From the allele frequency likelihoods we also estimated the unfolded marginal SFS for each taxon separately from which diversity and neutrality-test statistics (pairwise theta [π], Tajima’s D, Fay and Wu’s H55) were calculated across non-overlapping 15 kb windows. Principal component analysis (PCA) was performed using ngsTools56, whereby all individuals were genotyped together and subsequently a covariance matrix was created based on all variable sites.

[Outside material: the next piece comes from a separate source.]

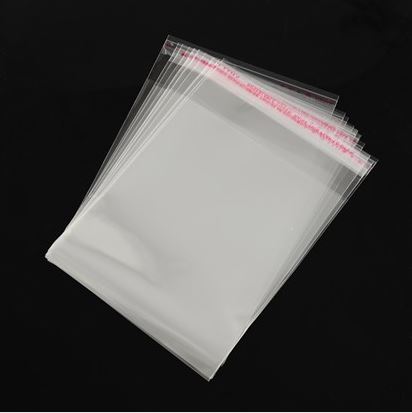 ถุงพลาสติกใส OPP(ถุงแก้ว) ฝากาว ขนาด 10x14 ซม. (ส่วนใช้งาน 10x10.5) หนา 0.035 มม.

To reconstruct the phylogeny of the taxa we first genotyped all individuals at a random subset of 500 k autosomal SNPs using ANGSD’s SAMtools genotyping model. In order to remove redundancy due to linkage disequilibrium (LD), we filtered the dataset using SNPhylo57 applying the LD threshold of 0.4 according to the authors recommendations for genomes with relatively high levels of LD, leaving 59 574 informative SNPs. Maximum likelihood phylogeny tree was subsequently inferred using the rapid bootstrapping algorithm with the “GTRGAMMA” substitution model and bootstrapping criterion set to “autoMRE” employed in RaxML v8.2.458.

All methods were carried out in accordance with relevant guidelines and regulations and all experimental protocols followed Uppsala University guidelines. None of the protocols involved live animals and birds were hunted under the guides and regulations of each respective country where a bird was shot59.